Quel est le montant du financement national disponible ?
Aujourd’hui, le principal donateur en faveur du cinéma est l’Agence nationale ukrainienne du cinéma. Il existe plusieurs autres programmes publics qui financent le cinéma à différents stades de développement et de la culture dans son ensemble. Les entreprises privées s’intéressent très peu au cinéma ukrainien, car celui-ci n’est pour l’instant pas autosuffisant.
Y a-t-il des difficultés causées par les dernières années d’instabilité politique ?
Même si l’art veut toujours aller au-delà de la politique, les réalités d’aujourd’hui nous montrent que l’art est en réalité une arme. Par conséquent, il est influencé par la politique et, dans une certaine mesure, l’influence. De plus, la guerre affecte toujours toutes les sphères de la vie et tous les segments de la population, c'est donc bien sûr un gros problème de nos jours.
Que signifie le Festival du film d’Odessa pour la scène ukrainienne ?
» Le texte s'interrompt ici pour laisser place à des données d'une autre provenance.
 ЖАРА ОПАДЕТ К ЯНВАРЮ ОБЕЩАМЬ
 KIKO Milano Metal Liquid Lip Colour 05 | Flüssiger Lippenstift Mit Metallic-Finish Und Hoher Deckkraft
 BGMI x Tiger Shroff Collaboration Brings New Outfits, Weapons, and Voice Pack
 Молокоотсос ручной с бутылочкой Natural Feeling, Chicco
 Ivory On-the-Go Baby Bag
C'est le plus grand festival d'Ukraine et pour tous les artistes ukrainiens, projeter leurs films ici est très prestigieux. Et ce n'est pas seulement l'occasion de présenter votre travail au public ukrainien, mais aussi de le montrer aux visiteurs étrangers et d'organiser des rencontres utiles sur le marché du film. L'OIFF est une formidable plateforme de coopération, pour se frayer un chemin vers de grands festivals étrangers, pour faire des connaissances et acquérir une expérience professionnelle.
Quelles sont les perspectives de collaboration internationale entre l’Ukraine et d’autres pays dans le domaine du cinéma et de la télévision ?
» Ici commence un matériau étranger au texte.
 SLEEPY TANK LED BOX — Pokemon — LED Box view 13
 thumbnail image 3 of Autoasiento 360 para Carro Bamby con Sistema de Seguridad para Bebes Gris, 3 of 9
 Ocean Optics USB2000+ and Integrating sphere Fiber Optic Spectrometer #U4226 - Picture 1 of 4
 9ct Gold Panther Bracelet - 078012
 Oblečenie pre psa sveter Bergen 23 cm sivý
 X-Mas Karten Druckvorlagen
Je pense qu'il existe désormais de très bonnes perspectives de développement et les accords que l'Ukraine vient de conclure avec d'autres pays dans les domaines de la culture et du cinéma parlent d'eux-mêmes. Nous avons déjà des coopérations avec de grandes plateformes internationales, par exempleLe Gardien. Aujourd’hui, l’Ukraine est intéressante non seulement sur le plan politique, mais aussi sur le plan culturel. Et personne ne peut mieux représenter les Ukrainiens que les Ukrainiens eux-mêmes.
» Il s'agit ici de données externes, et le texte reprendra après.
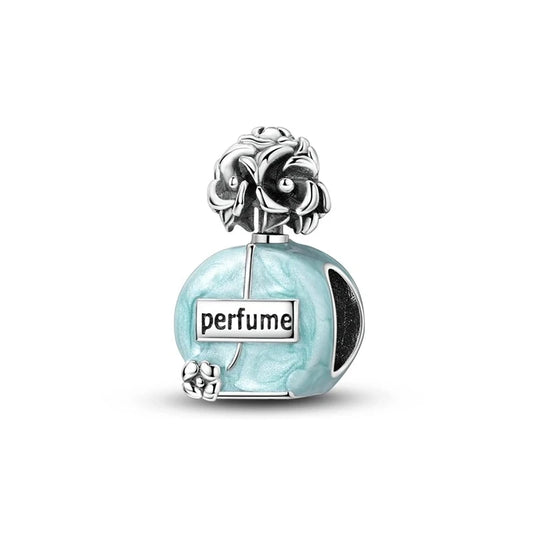 Berloque Perfume em Prata 925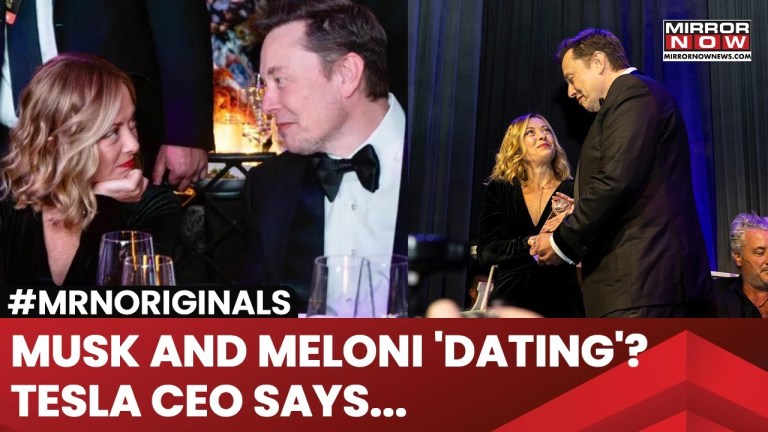 Elon Musk News | Are Elon Musk, Italian PM Giorgia Meloni ‘Dating’? Tesla CEO Reacts | World News Elon Musk News | Are Elon Musk, Italian PM Giorgia Meloni ‘Dating’? Tesla CEO Reacts | World News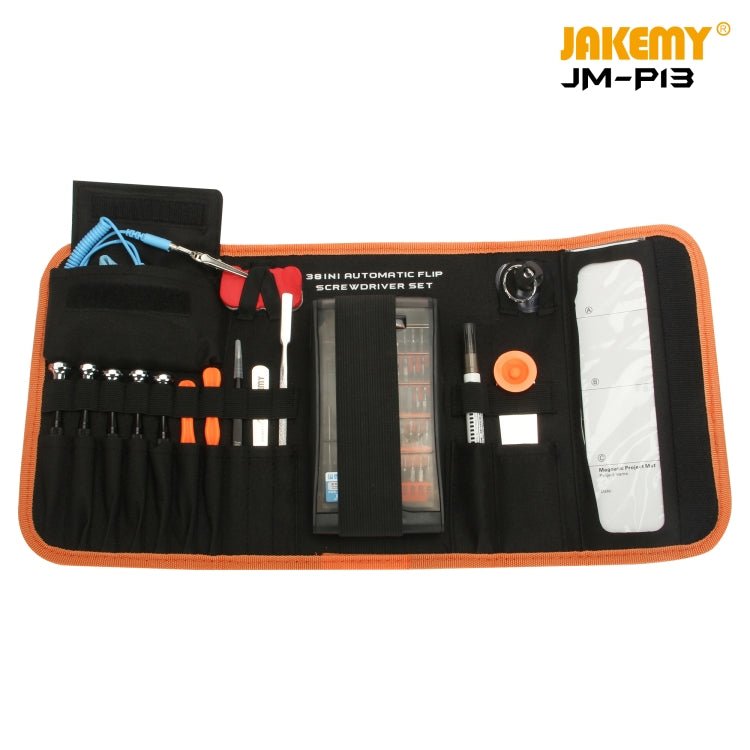 JAKEMY JM - P13 54 in 1 Professional Repair Screwdriver Tool Kit, JM - P13 - ORIWHIZ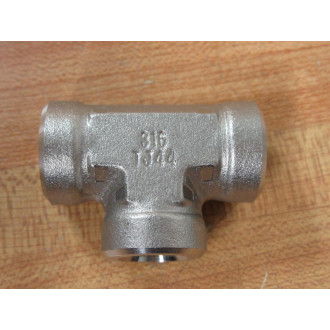 Parker 1DGK3 14" SS Tee Pipe Fitting 4-4-4 FT-SS-GR (Pack of 8) Parker 1DGK3 14" SS Tee Pipe Fitting 4-4-4 FT-SS-GR (Pack of 8)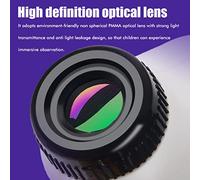 Diyeeni Science Toys Microscope Portable Haute Définition pour Enfants, Kit de Microscope éducatif pour Enfants, de Poche pour Cadeau d'anniversaire de Noël pour (Diyeenioden415fz7-10326017)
Sur quoi travaillez-vous ensuite ?
Toutes mes œuvres sont basées sur ma propre expérience. Mon prochain film seraExtrémiste,sur l'un des six étudiants enlevés pendant la Révolution de la Dignité, sur sa détention, son inculpation, sa grève de la faim et sa vie dans la prison de Lukyanivska après un procès. Cet élève, c'était moi. La Révolution a eu une résonance non seulement en Ukraine, mais aussi à l’étranger. La question principale du film est : quel est le prix de la démocratie ? Je suis actuellement à la recherche d'opportunités de financement et de pitch. Est-ce que je veux travailler à l’étranger ? Oui et non. Oui, parce que c'est très intéressant pour moi de tourner un film à l'étranger, de rencontrer de nouvelles personnes, de partager mon expérience, de parler de l'Ukraine et d'emporter quelque chose de nouveau pour moi. Mais d'un autre côté, je suis Ukrainien, je dois aider notre cinématographie à évoluer.